OPINION
Source: Devani

Its simply mind over matter, guys!

The European biotech sector is flourishing – rising stock prices, big partnering deals, and some major M&A. Can someone please tell European fund managers that investing in biotech is simply mind over matter?!

by Samir Devani, Managing Director, Rx Securities

As we approach the end of 2019, I believe the year will be seen as one of the worst from the perspective of European biotech IPO activity. Only Ascelia Pharma managed to list on NASDAQ Stockholm raising SEK222m in the process. This drought in public funding in Europe cannot be attri­buted to poor stock performances in the sector, as our European Biotech Index is up approximately 30 per cent year to date, outperforming the NASDAQ Biotech Index, and making 2019 another superb year.
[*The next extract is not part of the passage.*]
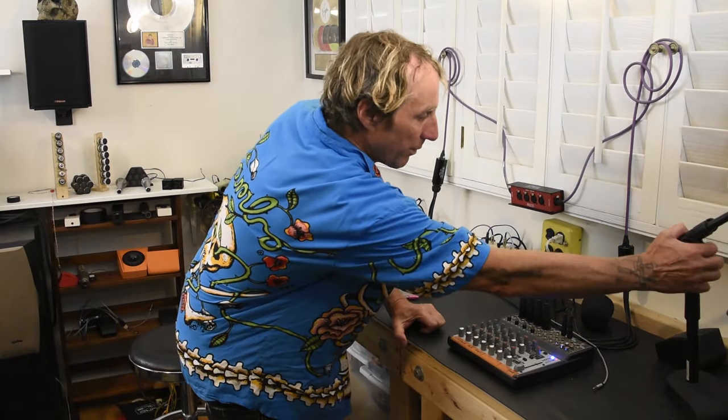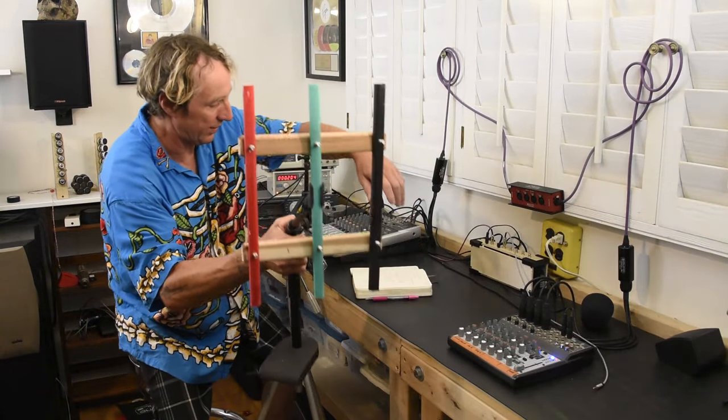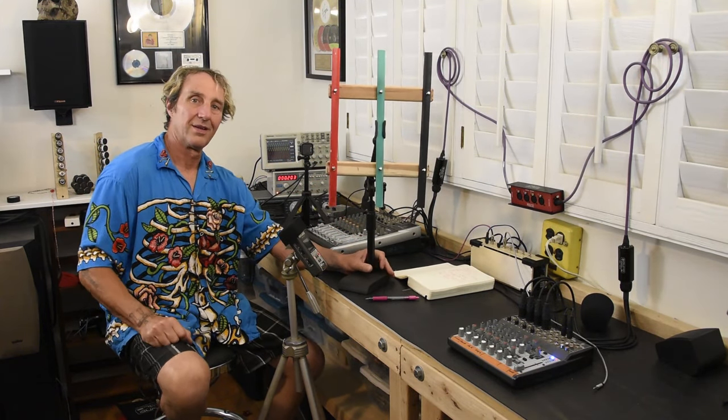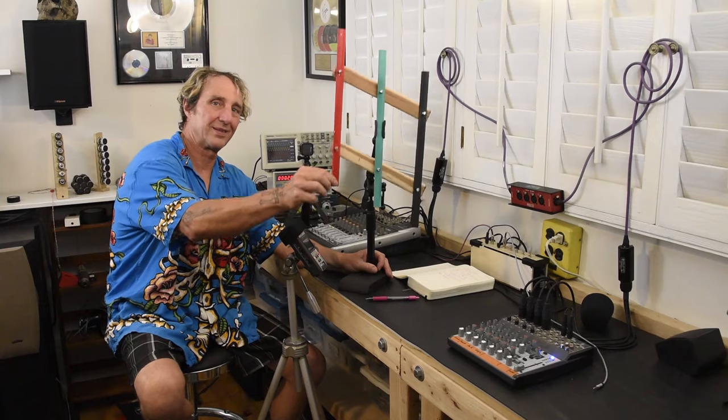Thinking that stuff through, I will do another video soon where I talk more about balanced lines.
Disappointingly, European companies looking for capital have had to tap the US market, both from an IPO perspective and concerning se­condary fundraising (e.g. US$505m by Genmab, US$557m by Argenx). I strongly believe that European capital markets are not working for the sector. Consolidation would ge­nerate larger, better financed businesses, which, combined with tax-incentives, government funds, and policies that promote greater investment in higher-risk companies, could assist the development of biotech ecosystems within Europe. These changes need to happen in the next two to three years, otherwise we’re all moving to California!
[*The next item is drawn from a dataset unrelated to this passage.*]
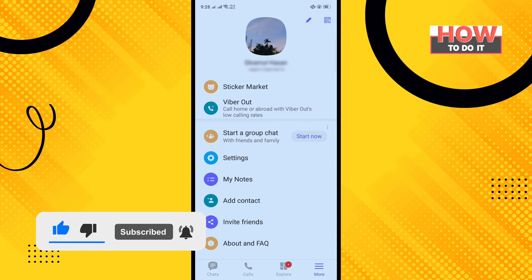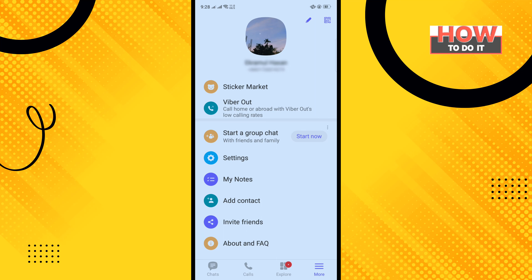So that's how you can do it. If this video helped you, give a thumbs up and please consider subscribing to 'How To Do It'. Thank you for watching.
Generally, we believe the investment case for biotech remains strong. This is highlighted by some major M&A acti­vity over the year, including the acquisitions of Celgene (by Bristol-Myers Squibb for US$74bn), Loxo Oncology (by Eli Lilly for US$7.2bn), The Medicines Co. (by Novartis for US$9.7bn) and Spark (by Roche for US$4.8bn). In my opinion, the most surprising big partnering transaction in 2019 was Galapagos’ 10-year global R&D collaboration with Gilead, whereby the Dutch-Belgian biotech received US$3.95bn up front and a US$1.1bn equity investment. The deal contributed to Galapagos’ stellar 2019 stock performance (+110%). Other strong performances were delivered by Zealand, Veloxis, and Shield. However, we should never forget that biotech is risky, and there were also numerous disappointments, including those from Motif Bio (UK) and Kia­dis Pharma (Netherlands).

Therapeutically, Alzheimer’s disease was a big topic this year. The surprising return of aducanumab in October, facilitating the recovery of Biogen’s US$18bn market cap loss when Phase III trials were stopped for futility, also benefited two European biotech companies: Bioarctic (Sweden) and Vivoryon (Germany).